En somme, « faire référence à la “culture juridique”, ce n’est pas déterminer un contenu précis, substantiel (comme si un code de la culture juridique était possible) mais adresser à nos pratiques juridiques la question de leur qualité. Qu’est-ce qu’un juriste français ? Qu’est-ce qu’un bon juriste ? Qu’est-ce qu’une formation adéquate ? »[9]. C’est donc bien aux idées d’ouvertures, de circulations, d’échanges que la notion de « culture juridique » fait écho. Ce n’est pas pour rien qu’André-Jean Arnaud estimait que « la perception culturelle de la pensée juridique relativise le phénomène juridique [et] amène l’observateur à penser le droit au pluriel »[10]. La culture juridique serait alors le meilleur rempart contre les assauts contemporains sur nos droits individuels et collectifs.


[1] S. Rials et D. Alland (dir.), Dictionnaire de la culture juridique, PUF-Lamy, 2003, p. XI.

[2] F. Audren et J.-L. Halpérin, La culture juridique française, entre mythes et réalités, XIXe-XXe siècles, CNRS Éd., 2013.

[3] D. Deroussin, « Comment forger une identité nationale ? La culture juridique française vue par la doctrine civiliste au tournant des XIXe et XXe siècles », Clio@Themis 2012, n° 5.

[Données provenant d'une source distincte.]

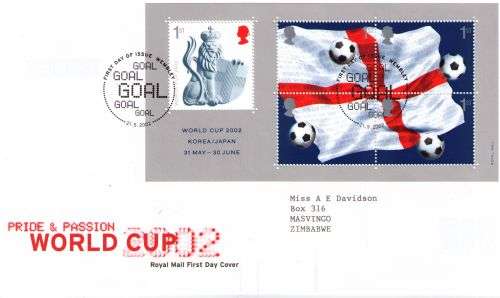 Great Britain 2002 Pride and Passion World Cup  Royal Mail FDC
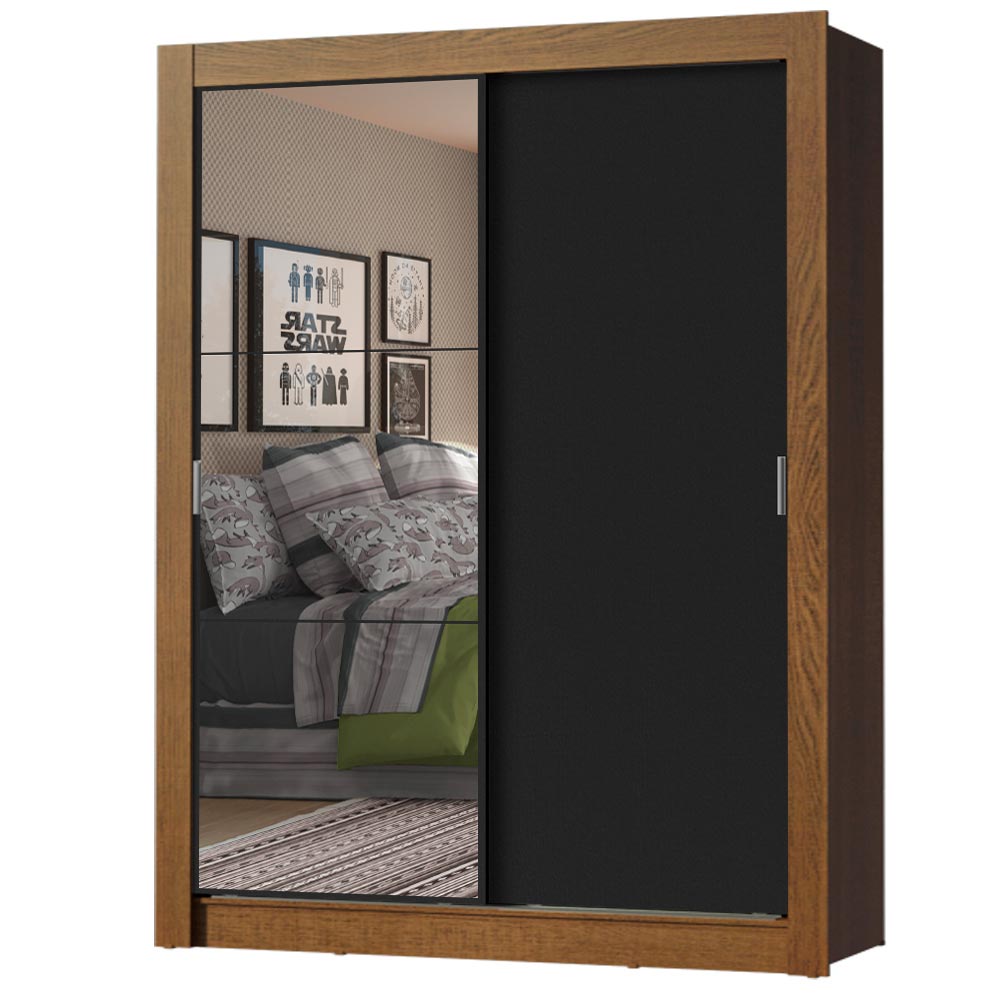 Clóset Soltero 2 Puertas Corredizas con Espejo 4 Cajones Marrón/Negro Dallas Plus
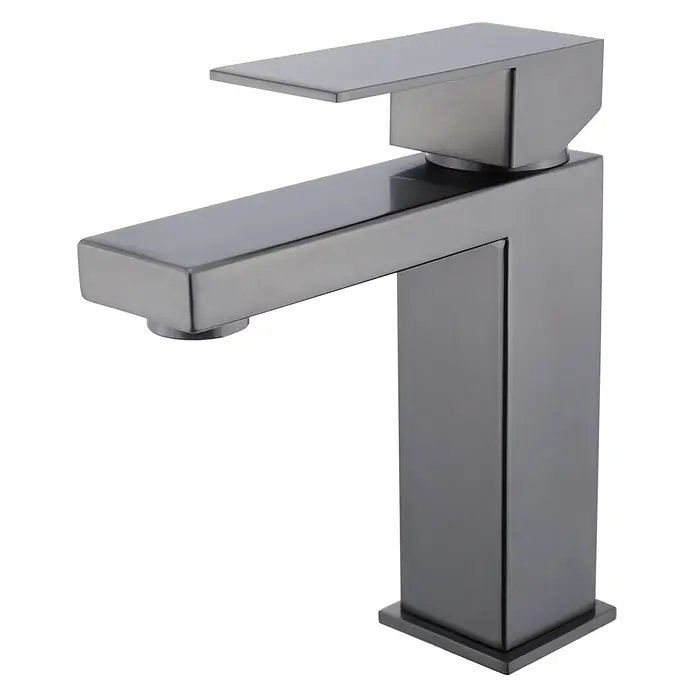Hudor Waschtischarmatur 001 - Seidenmatt - Moderner, dunkelgrauer Waschtischmischer in Gunmetal-Optik mit quadratischem Design und Einhebelgriff.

[4] V° « Culture juridique », in A.-J. Arnaud et al. (dir.), Dictionnaire encyclopédique de théorie et de sociologie du droit, LGDJ, 1993, 2e éd., p. 139.

[5] F. Audren et J.-L. Halpérin, La culture juridique française, entre mythes et réalités, XIXe-XXe siècles, CNRS Éd., 2013, p. 8.

[6] A.-S. Chambost, « La culture juridique : combien de divisions ? », in A.-S. Chambost (dir.), Approches culturelles des savoirs juridiques, LGDJ, 2020, p. 9.

[7] D. Mongoin, Philosophie du droit, Dalloz, 2022, n° 14.

[8] A. de Tocqueville, Lettre choisies. Souvenirs, Gallimard, 2003, p. 111.

[9] F. Audren, « SOS culture juridique », D. 2022, p. 601.

[10] A.-J. Arnaud, Pour une pensée juridique européenne, PUF, 1991, p. 23.